The law does not impose upon correctional officials a duty to directly supervise health care personnel, to set treatment policy for the medical staff or to intervene in treatment decisions where they have no actual knowledge that intervention is necessary to prevent a constitutional wrong. See Vinnedge v. Gibbs, 550 F.2d 926 (4th Cir. 1977) (a medical treatment claim cannot be brought against managing officers of a prison absent allegations that they were personally connected with the alleged denial of treatment). Moreover, "supervisory [correctional] officials are entitled to rely on medical judgments made by medical professionals responsible for prisoner care. See, e.g., Durmer v. O'Carroll, 991 F.2d 64, 69 (3rd Cir. 1993); White v. Farrier, 849 F.2d 322, 327 (8th Cir. 1988)." Williams v. Limestone County, Ala., 198 Fed.Appx. 893, 897 (11th Cir. 2006).Cameron v. Allen, et al., 525 F.Supp.2d 1302, 1307 (M.D. Ala. 2007).

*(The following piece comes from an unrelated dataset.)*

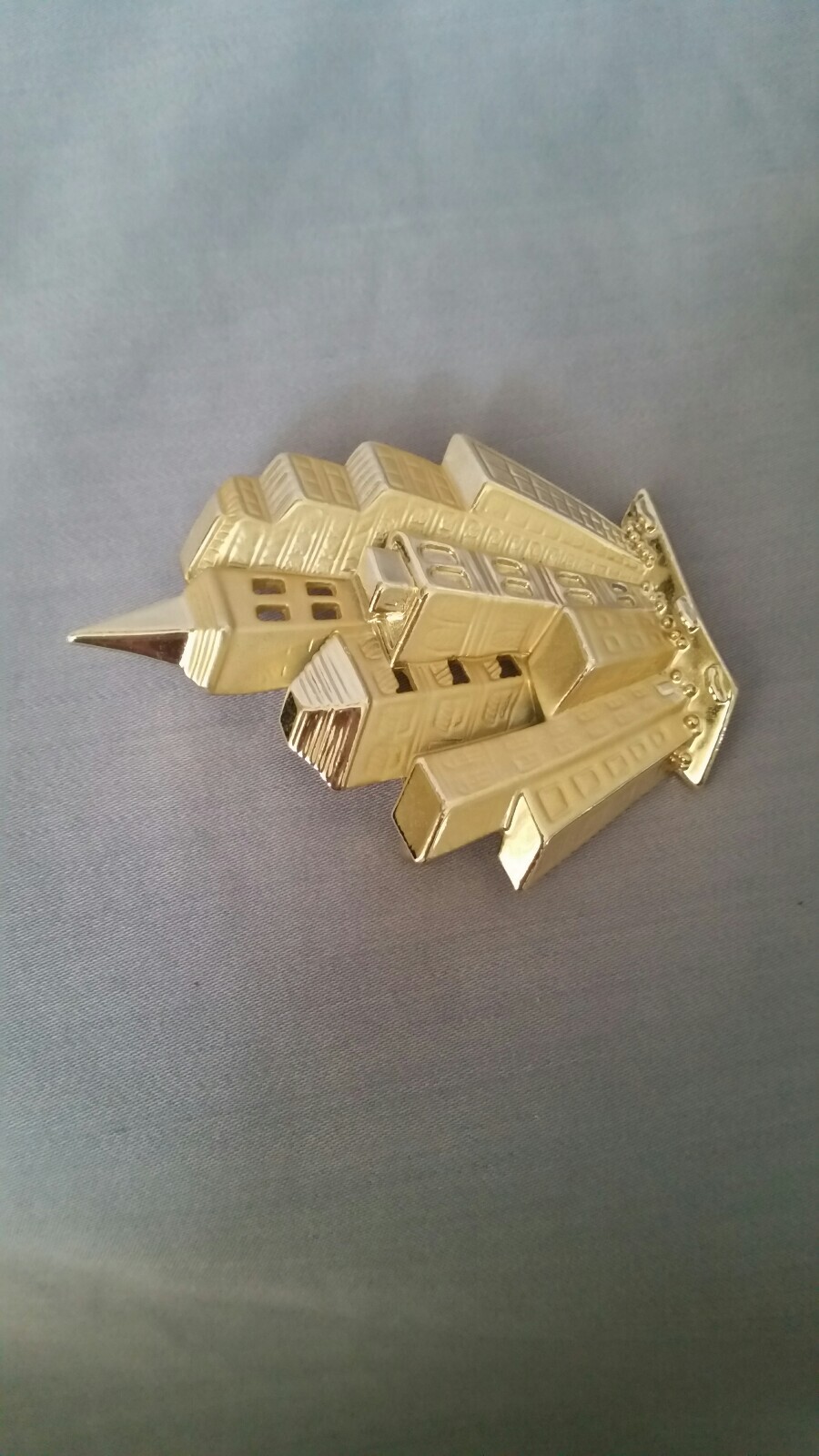 AJC VTG BROOCH PIN Gold tone City 3D Perspective NYC Buildings 2.25″ H x 1.75″L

Insofar as Thomas seeks relief from the defendants for the treatment provided by health care personnel, assuming these defendants exerted some authority over those persons responsible for the provision of medical treatment at Ventress, the law is well settled "that Government officials may not be held liable for the unconstitutional conduct of their subordinates under the theory of respondeat superior [or vicarious liability].... Robertson v. Sichel, 127 U.S. 507, 515-516, 8 S.Ct. 1286, 3 L.Ed. 203 (1888) ('A public officer or agent is not responsible for the misfeasances or position wrongs, or for the nonfeasances, or negligences, or omissions of duty, of the subagents or servants or other persons properly employed by or under him, in the discharge of his official duties'). Because vicarious liability is inapplicable to . . . § 1983 suits, a plaintiff must plead that each Government-official defendant, through the official's own individual actions, has violated the Constitution." Ashcroft v. Iqbal, 556 U.S. 662, 676, 129 S.Ct. 1937, 1948 (2009); Cottone v. Jenne, 326 F.3d 1352, 1360 (11th Cir. 2003) ("[S]upervisory officials are not liable under § 1983 for the unconstitutional acts of their subordinates on the basis of respondeat superior or vicarious liability."); Marsh v. Butler County, 268 F.3d 1014, 1035 (11th Cir. 2001) (supervisory official "can have no respondeat superior liability for a section 1983 claim."); Gonzalez v. Reno, 325 F.3d 1228, 1234 (11th Cir.2003) (concluding supervisory officials are not liable on the basis of respondeat superior or vicarious liability); Hartley v. Parnell, 193 F.3d 1263, 1269 (11th Cir. 1999), citing Belcher v. City of Foley, 30 F.3d 1390, 1396 (11th Cir. 1994) (42 U.S.C. § 1983 does not allow a plaintiff to hold supervisory officials liable for the actions of their subordinates under either a theory of respondeat superior or vicarious liability). "Absent vicarious liability, each Government official, his or her title notwithstanding, is only liable for his or her own misconduct." Iqbal, 556 U.S. at 677, 129 S.Ct. 1949. Thus, liability for medical treatment provided to Thomas could attach to defendants Giles and Reynolds only if they "personally participate[d] in the alleged unconstitutional conduct or [if] there is a causal connection between [their] actions . . . and the alleged constitutional deprivation." Cottone, 326 F.3d at 1360.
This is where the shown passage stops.